Well, as I ran this morning, I thought about more of a running name for the post. Still on par of a bit on a negative side though. I felt sluggish, bored, flat, not excited, not motivated, achy in hamstrings and glutes, tired, annoyed at drizzling rain and poor choice of music on my iPod...you name it, it wasn't even mind over matter, more like will power over mind and body. I had all the excuses, including that it is simply too early to jump into full training week (with some attempt of both hill repeats one day and speed intervals on another) and then go for a long run - all 2 weeks after a 100 miler. Fitness long gone...there was a time it wasn't a problem at all. I made it, I even ran each loop faster than one before, although it felt like I was shuffling dead...
But another thought process bugged my mind on top of running motivation struggle. My son goes to his friend's house almost every week, and he calls this guy's mom a "cool mom". They have a huge house, mom shuttles around neighborhood picking up various friends of her son, takes them out for lunch, then they all go to the park to skate, then she feeds them a million of pizza's and sodas, while they stay at the house playing video games. Cool mom indeed. I don't have a house at all, our apartment would hardly fit 2 of extra friends for a bit - and that would mean we have to go elsewhere to not be in the way, my car would also fit may be 2 of those friends for a pick-up ride, and I am a complete non-believer in fast food. Period. I am not a cool mom.
Nor am I a cool step-mom. I don't take boys to eat out, I send them to movies with Larry once a month, and always struggle when they demand soda for $5 at the theater. I don't buy extreme amount of toys and games and clothes, or snacks, don't have seasonal tickets to any game, and in general, run from 5am to 11am, and then drive to work for a couple of hours on the weekend, as well as go to school.
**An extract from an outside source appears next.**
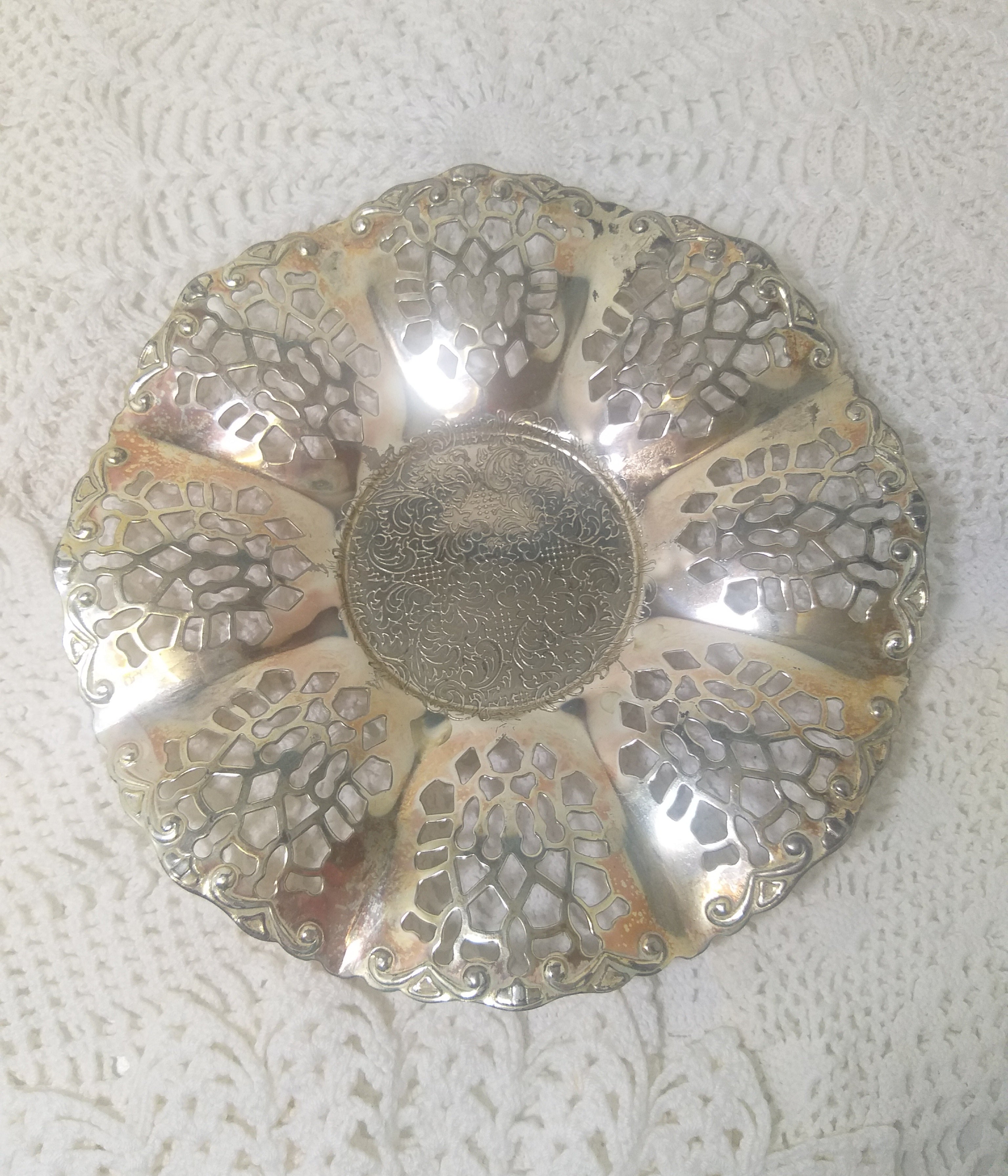 Vintage Pierced Metal Silver Plated Sweets / Bonbon Dish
How do you raise kids these days? I am sure those of us who are older can bring up the memory of being independent, not spoiled, self-contained, and playing outside far more than inside. Generation, technology and so on...are all excuses, and I am aware of some happy families that claim that they out-bid the society. I wonder though. Did they really? What do their kids think when they go to school and hang out with friends who do all those kinds of things, have all those kinds of stuff and don't feel "deprived" by new standards? Even if they (kids) never bring it up to discussion?
Not only it is generation, it is cultural too. These are the values I have grown up with, and now, at 40, I can't simply break them and turn to abundance of crap because that's what happening here. I truly believe in those values. Not only for financial reasons (which are important, with the salary of a lab tech working in academic science hardly above double of a minimum wage), but for the moral reasons (it's not the things or the outside that is true), and for the "save the Universe" (waste generation is something I feel rather strongly against, I turn power off, don't use dryer or a dishwasher, and reuse every bag/paper I can, even at work, so it's not personal savings).
I have my financial vice. I run races. I can make excuse that half of them are local, what means negligible gas spending, free car sleeping, a sandwich for the road, and the entry is free (thank you Team Traverse for inviting me as a consultant!!!). I am also blessed with having some type of sponsorship since my entrance into ultrarunning scene, thus clothes, shoes and often running foods are either free or subsidized. So, yes, I fly to 100M races. And pay the registration fees. I save on everything else for myself - for that. And it is like having a psychologist for my mental state. I bet it is not more expensive and keeps me sane.
So, what's the say around from those who have kids? Do you fight for what you believe in, and how does it feel loosing the fight simply because you are likely in minority? How do you survive in society while still being true to your own core values? And how do you keep a bond with your kids prosper, trying to teach them what they will REALLY meet once they enter adulthood and stop being spoiled by their folks?